- **TASK TO COMPLETE**
The task requires repeating, word for word, the lines from the one with "Rent A Husband" through the end of the material, leaving out all pictures.

- **DATASET EXCERPT**
....

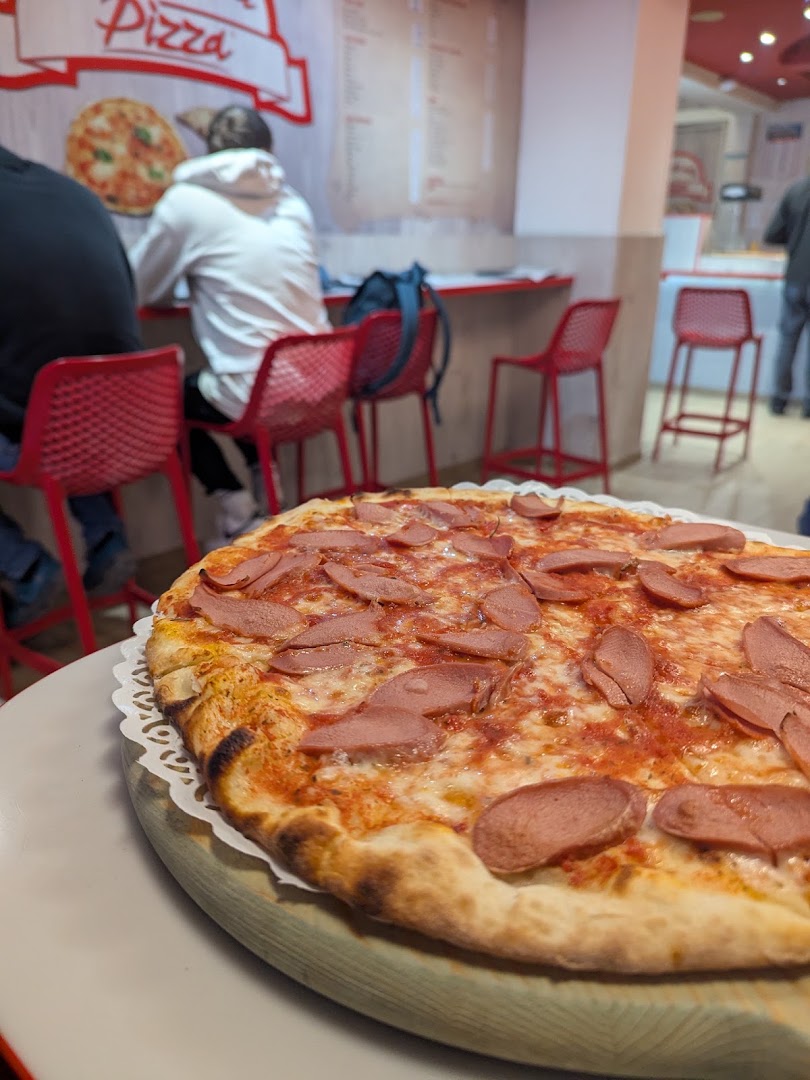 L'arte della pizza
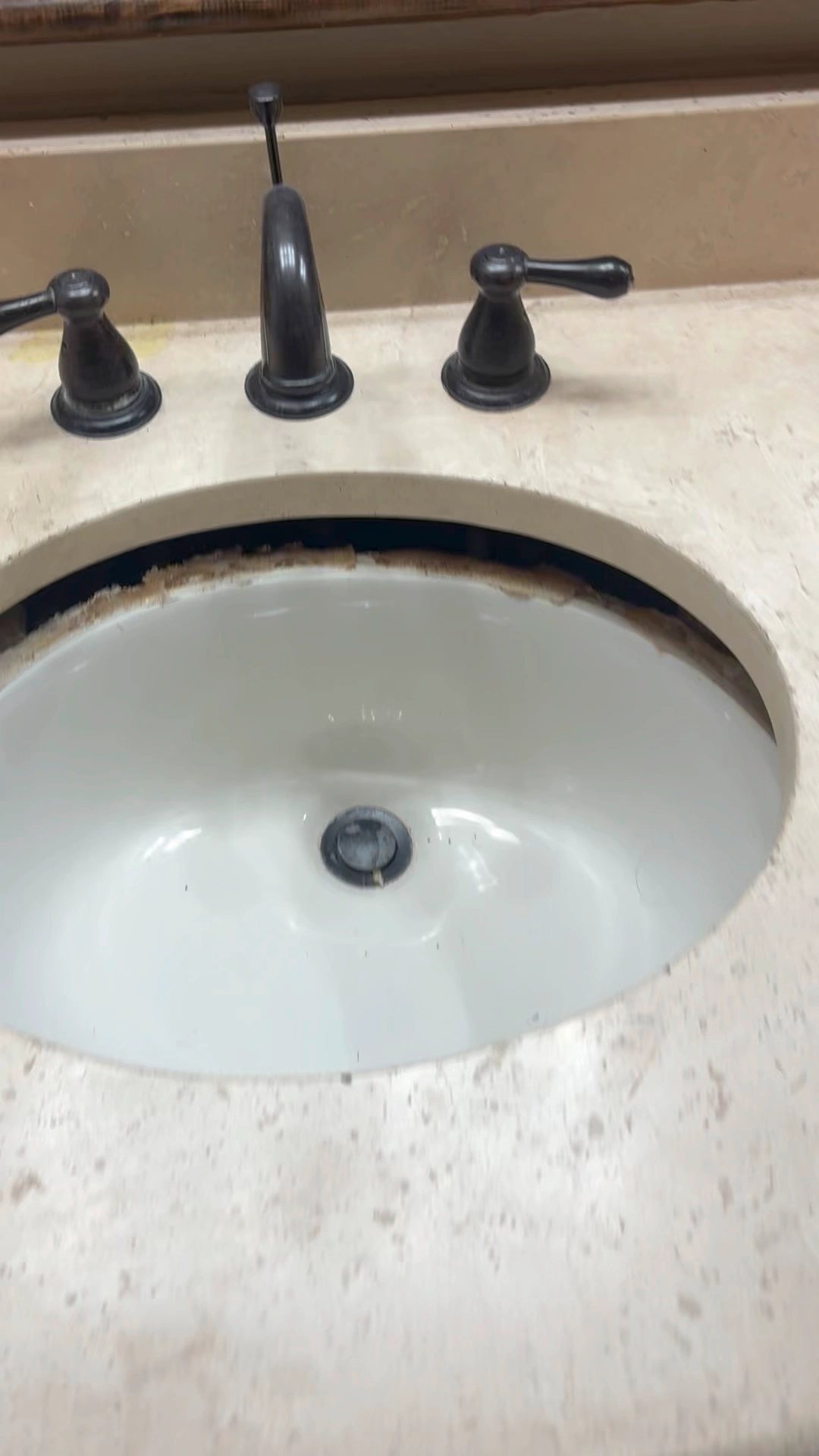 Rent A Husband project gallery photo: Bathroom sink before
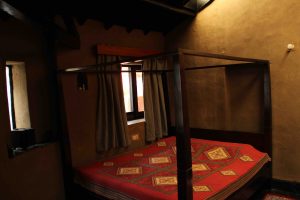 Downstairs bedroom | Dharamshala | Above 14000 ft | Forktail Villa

....

- **ANSWER SECTION**
 Rent A Husband project gallery photo: Bathroom sink before
 Downstairs bedroom | Dharamshala | Above 14000 ft | Forktail Villa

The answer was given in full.